The important handoff is TurnDriver plus RunContext.advance_model(request, trace_snapshot, output_retry=False). core.py chooses whether to start, resume, send tool outputs, or send a correction, and TurnDriver supplies the matching provider-session method call. The run-loop diagram may label the second case as "continue" for space, but the code path is continue_with_tools(...). runtime.py wraps that callable with limit checks, usage accounting, model tracing, notice computation, response capture, and output turn resolution.

This keeps provider API payload knowledge in providers.py while keeping the repeated provider-call wrapper in one place.

3. Approval Pause Internals: from pending tool call to resumed batch

Approval-required tools are a loop primitive rather than a special model output format.

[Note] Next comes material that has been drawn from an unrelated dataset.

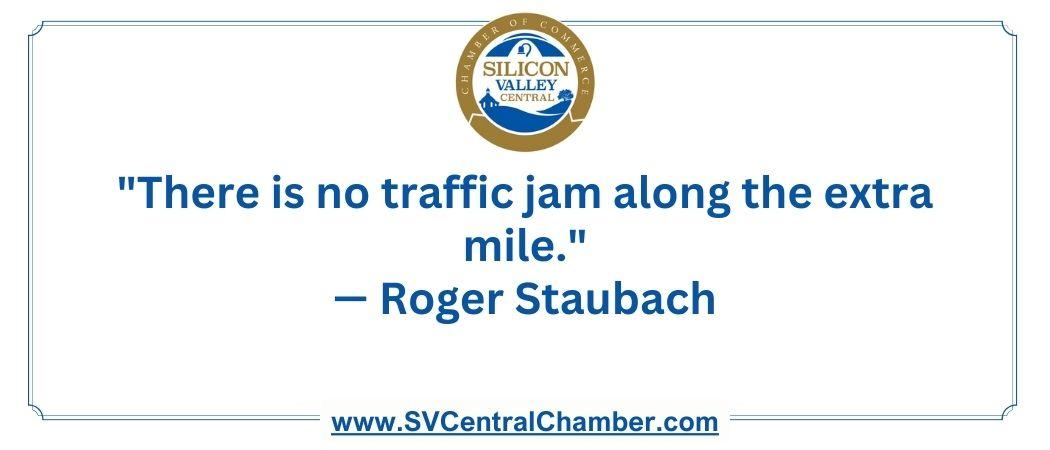 "There is no traffic jam along the extra mile." — Roger Staubach_Image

A custom ToolSpec can set requires_approval=True. When a model turn asks for any such tool, core.py pauses before the batch reaches ToolBatchExecutor, so neither the approval-required call nor any normal sibling call has side effects yet.

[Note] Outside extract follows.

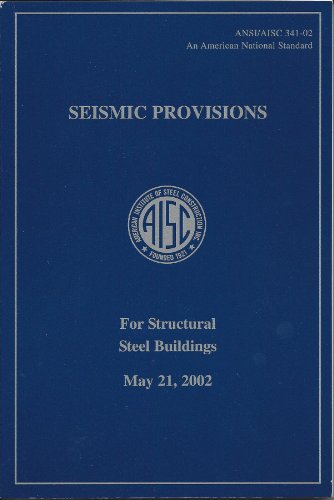 Seismic Provisions for Structural Steel Buildings May 21, 2002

Piece	Role in approval flow
`approvals.py`	Builds and validates the `approval_pause` envelope, restores usage/history, and validates that host decisions exactly cover approval-required call ids.
`RunContext.pause_for_approval()`	Captures provider resume payload, pending tool batch, usage, responses, tool records, emitted limit-warning keys, and metadata before emitting `RunCompletedEvent`.
`Harness.resume_approvals()`	Restores the logical run, resumes the provider session, emits `ApprovalResumedEvent`, validates the approval-required tools still exist, and processes the paused batch.
`ToolBatchExecutor`	Runs approved calls and normal sibling calls through the standard hook, tracing, retry, and output-ordering machinery.

Rejected calls bypass tool hooks and do not execute. They still produce ordered tool outputs for the provider: a failed ToolResult with error_type="ApprovalRejected". From the model's perspective, it requested tools and then received tool results on the next turn; it never sees the host pause itself.

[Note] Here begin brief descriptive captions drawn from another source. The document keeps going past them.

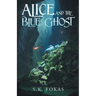 Alice and the Blue Ghost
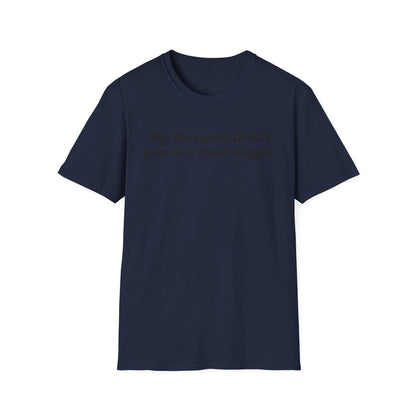 “My therapist thinks you’re a twat waffle” Graphic Tee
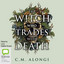 The Witch Who Trades with Death (Unabridged) cover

The paused batch counts against usage.tool_calls at pause time and is not counted again during resume. The post-resume result contains the whole logical run history, not only the second half of the run. This is why approval envelopes are larger than plain resume state: they carry provider transcript state, prior responses, and accounting as well as the provider checkpoint.

4. Tool Execution Internals: from model tool call to provider follow-up

A provider returns one ModelTurn. That object has text, a tool_calls list, and raw provider JSON. The tool_calls field is a list[ModelToolCall], where each ModelToolCall has the provider call id, tool name, and raw JSON argument string.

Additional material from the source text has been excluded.